Assessing the impact of site-specific spraying on control of Eurygaster integriceps (Hemiptera: Scutelleridae) damage and natural enemies
Sunn pest, Eurygaster integriceps Puton is a key pest of wheat and barley in Iran. In this study, the impact of site-specific spraying on control of sunn pest damage and densities of the natural enemies was compared with the whole-field spraying method in 2009 and 2010. Three plots were assigned to each spraying method and two others were left untreated as control. The plots were divided into 11 × 11 m grids. Adults of E. integriceps were sampled using the distance-walk method. Coccinellids, Chrysoperla carnea and nymphs of sunn pest were sampled using a sweep net. Spatial analysis of datasets was done using Geostatistical Analyst extension of ArcGIS 9.3. The spatial analysis indicated that the adults and nymphs of E. integriceps had aggregated distribution in space and that site-specific spraying was applicable. Whole-field spraying was carried out when the mean density of E. integriceps in plots exceeded the economic threshold. In the site-specific spraying method, decamethrin ([cyano-[3-(phenoxy) phenyl] methyl] 3-(2,2-dibromoethenyl)-2,2-dimethylcyclopropane-1-carboxylate) was applied to the grid cells with densities above the economic threshold. Site-specific application reduced the insecticide input by ca. 40–50%. The numbers of C. carnea and coccinellids were higher in site-specifically sprayed plots compared with whole-sprayed plots after treatment.

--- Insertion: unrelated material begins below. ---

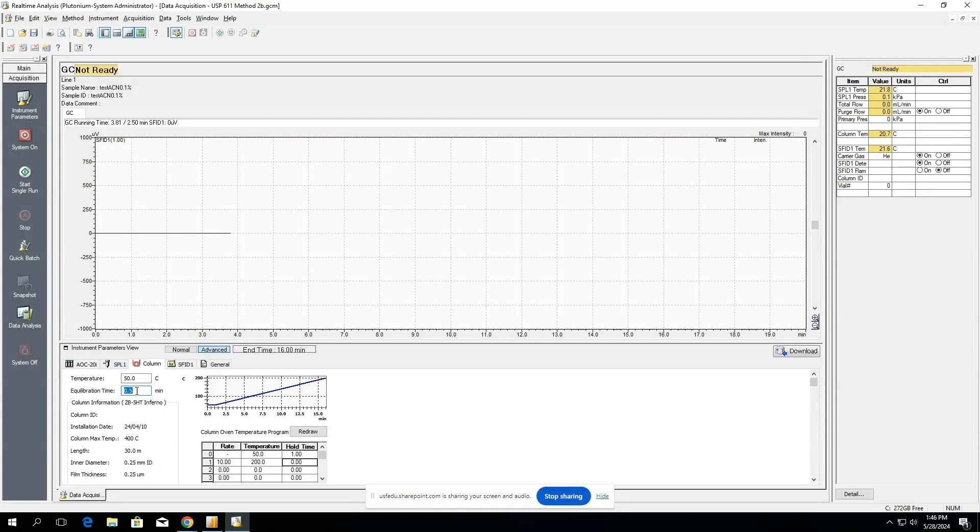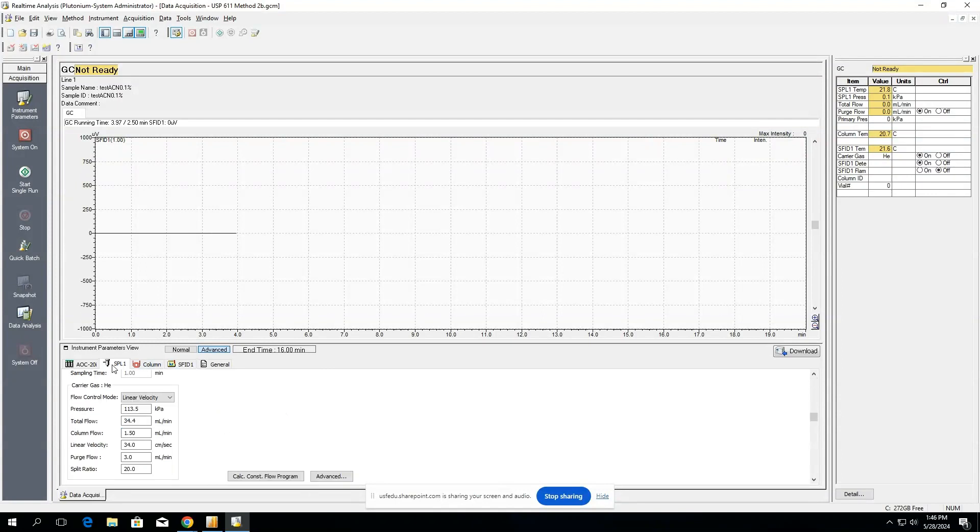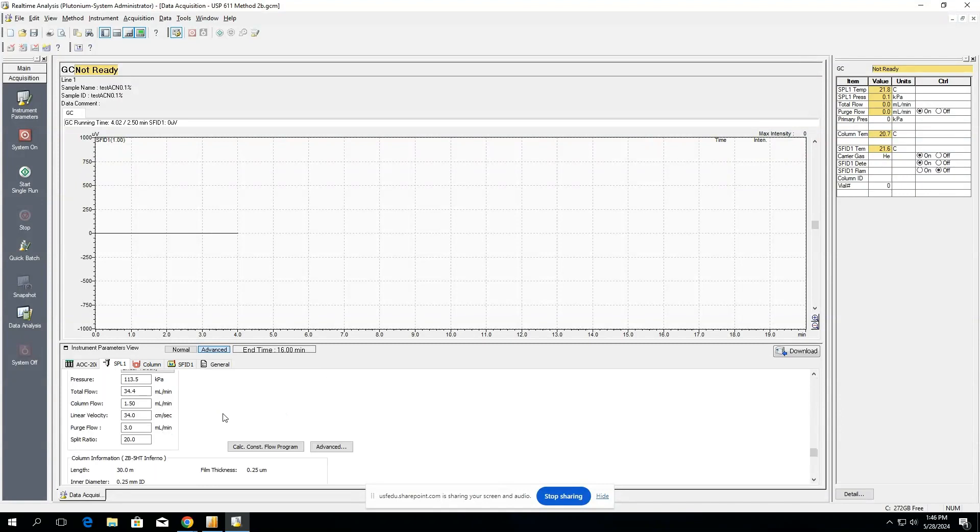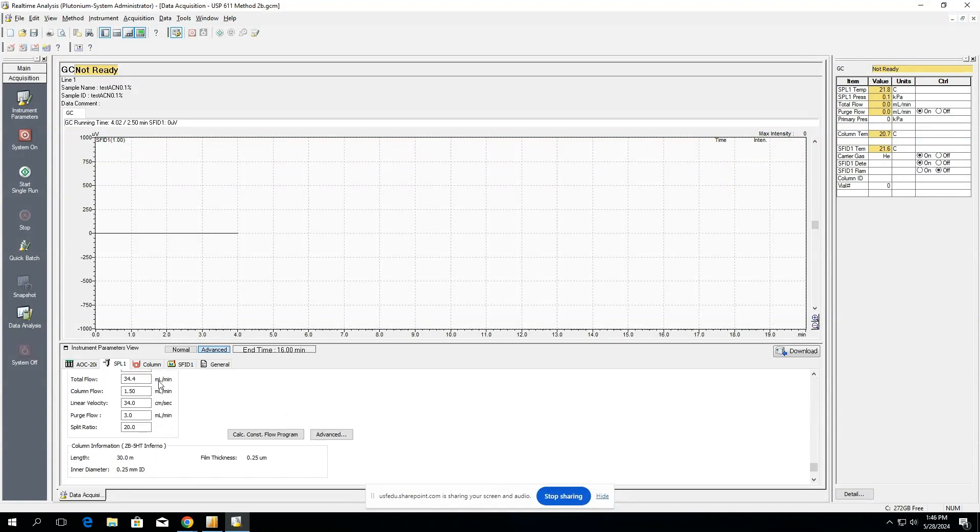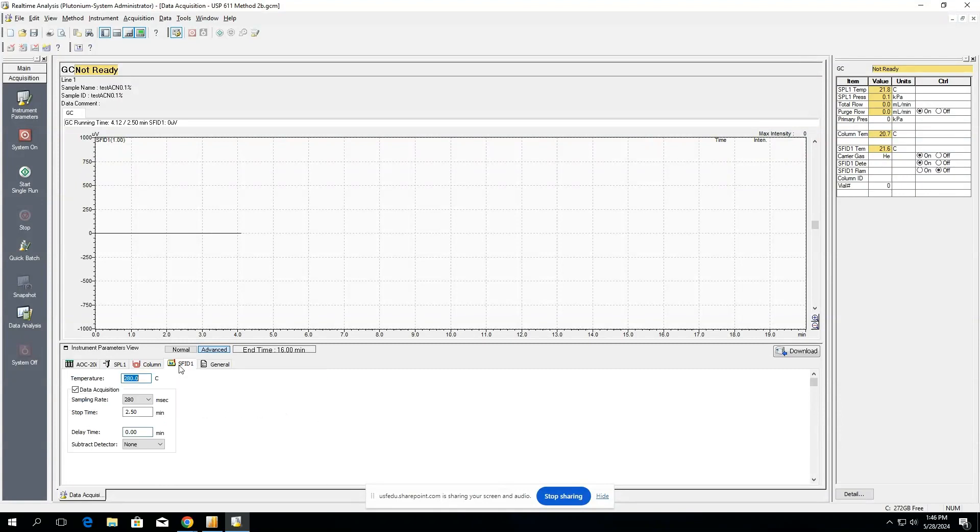So this equilibration time and this delay time will seem like additive time if you're running repeat injections using the same method. So we've covered how to set up our injector, our column, and our detector.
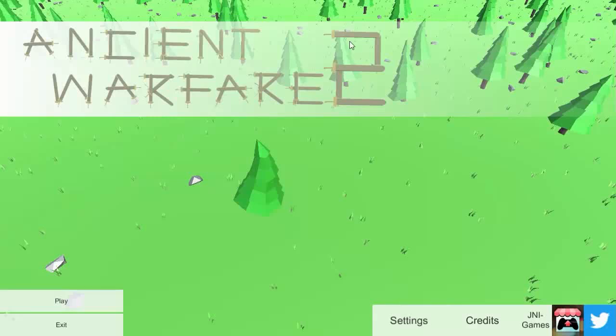Hey, what is going on guys? It's your boy, CatatCamp, back to another video, and today we are actually playing Ancient Warfare.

The mean numbers of nymphs were not significantly different ( P  < 0.01) in whole-field and site-specifically sprayed plots. Percent damaged grain was below the economic damage threshold in all treated plots. It can be concluded that site-specific spraying has the potential to control E. integriceps at an acceptable level along with reducing the amount of insecticide used. It also conserved natural enemies in untreated refuges.